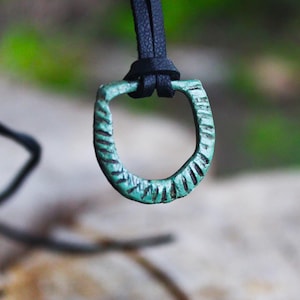 antique rare old necklace Medieval Ancient pendant Celtic Viking artifact finds 11-13 th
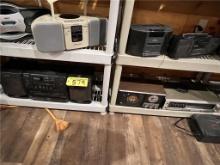 LOT: SONY CFD-540 BOOM BOX & 2-VINTAGE STEREO SYSTEMS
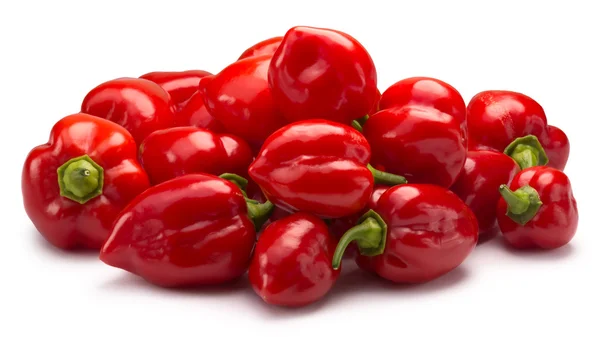 Habaneros, kırpma yollarını yığını — Stok fotoğraf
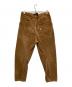 GRIP SWANY (グリップスワニー) JOG 3D CORDUROY WIDE CAMP PANTS ブラウン サイズ:M：4500円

-----

### Task to complete
What you need to retype is every line from the one that has "Habaneros, kırpma yollarını" through the last line of the listing, both included, with the pictures left out.

### Answer for this exercise
 Habaneros, kırpma yollarını yığını — Stok fotoğraf
 GRIP SWANY (グリップスワニー) JOG 3D CORDUROY WIDE CAMP PANTS ブラウン サイズ:M：4500円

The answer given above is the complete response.